* EXERCISE DATA *
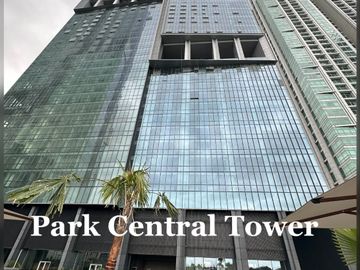 3BR for Sale in Park Central Tower Makati - Glass Suite Plus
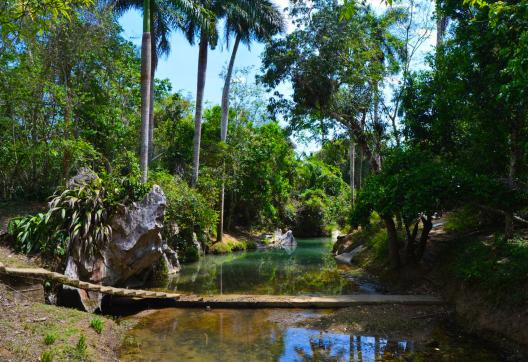 Randonnée au repère de Ché Guevara à Cueva de los portales
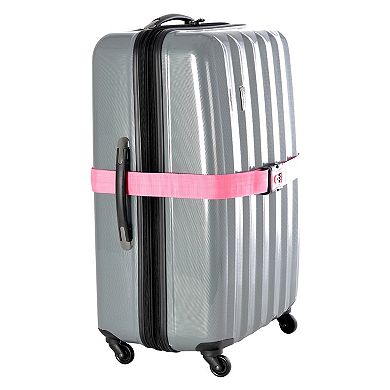 Olympia TSA 3-dial Luggage Strap
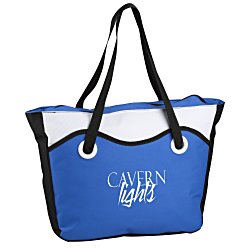 View a larger, more detailed picture of the Color Bright Cooler Tote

* INSTRUCTIONS FOR THE TASK *
Please give every line above again word for word, apart from the pictures.

* RESPONSE *
 3BR for Sale in Park Central Tower Makati - Glass Suite Plus
 Randonnée au repère de Ché Guevara à Cueva de los portales
 Olympia TSA 3-dial Luggage Strap
 View a larger, more detailed picture of the Color Bright Cooler Tote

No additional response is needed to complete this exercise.